Sé que se acerca el día. Lo supe cuando esta mañana, Bjorgë, que estaba despierto cuando abrí los ojos, mi miraba como entendiendo. No quiso pegarme y puso un trozo de pan sobre una caja como invitándome a comerlo.

La temperatura había bajado aún más o eso parecía. Me preguntó si era ese día. Le dije que no, pero que el día estaba muy cerca. Creo que Bjorgë tiene miedo, mucho más que yo.


Abril, 7

Ella me esperará en el puente. Lo sé. Mañana a las cinco de la tarde. Ella saldrá del hotel Ritz y con poco abrigo - porque ella de allá no sabe lo que es acá -, sólo con un traje azul. Mañana.


Abril, 8

Ya es la hora. Voy hacia el puente. La veo. Me ve. Podemos tocarnos.
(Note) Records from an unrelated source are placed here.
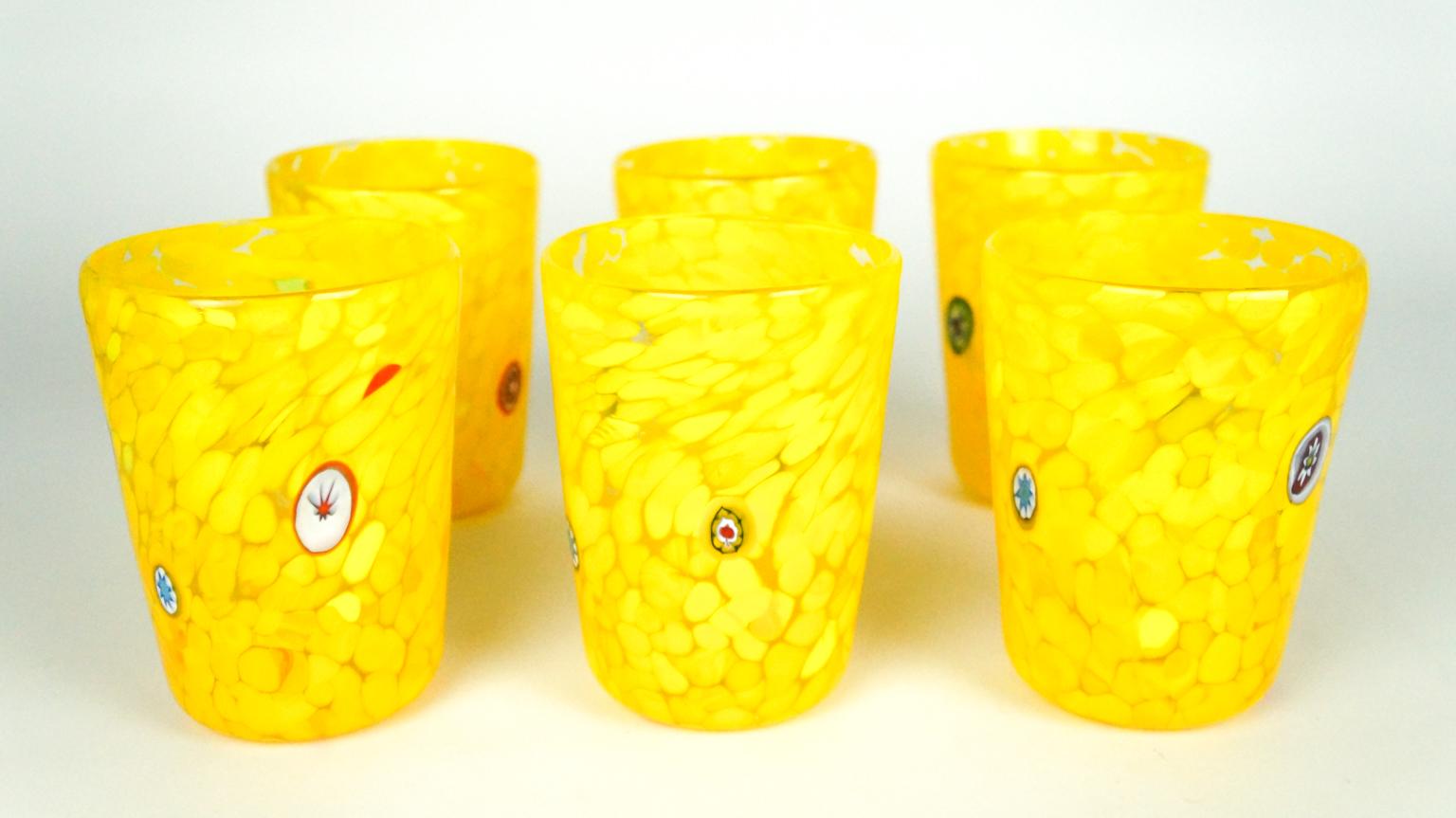Lot de 6 gobelets à boire de Murano jaune « Goti De Fornasa » du milieu du siècle dernier en vente 3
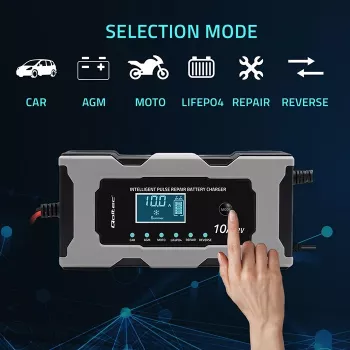 Įkroviklis QOLTEC 52493 12V 10A su AGM akumuliatorių atkūrimo funkcija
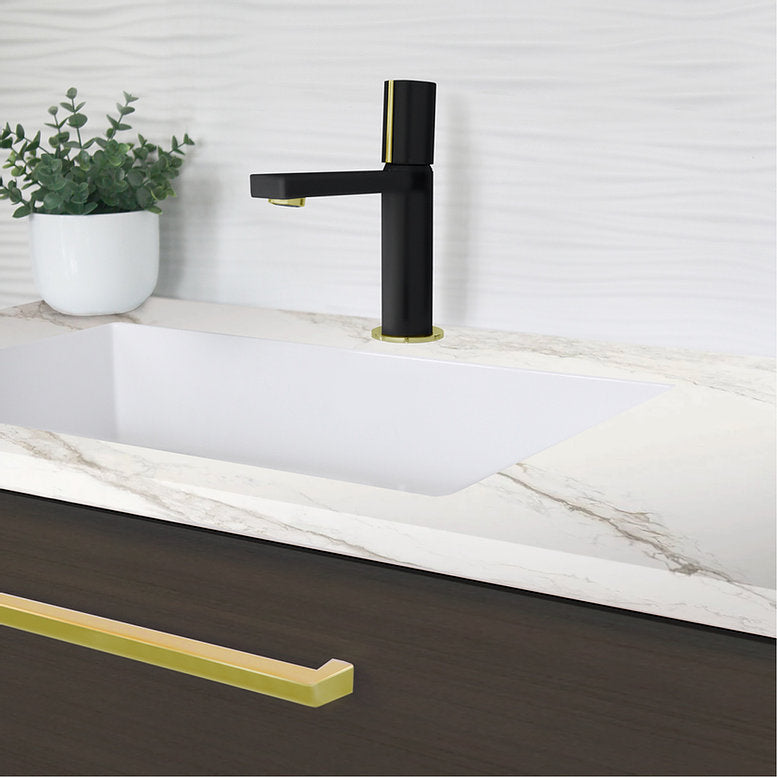Stylish Single Handle Modern Bathroom Basin Sink Faucet in Matte Black with Gold accents Finish B-104NG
Ella me abraza y ahora mi vida es otra, lo sé.

No soñaré con fríos Budapest ni con nieves. Volveré a mis propias penas de Buenos Aires. Conciertos de Faure y galas nocturnas más frías que las frías calles de Budapest.

Ella quedará con Günter o Bjorgë o Eröd, o como se llame. Para bien o para mal, compartirá su pan y su desdicha. Pero no estará sola. Ella lo sabe, aunque no quiera.

Vuelvo a tocar mi cara y, sin quererlo, esparzo la lágrima dividiéndola, haciéndole un pliegue. Un pliegue similar al que ahora tiene mi vida.

Me alejo del puente - que se llama Sbunäià Tjënô, o algo así - pensando en cómo la nieve entrará por sus zapatos. Sin embargo, sé, desde la lágrima que corre por mi cara, desde el mismo instante en que me he fundido en el abrazo con aquélla, que mi vida es otra.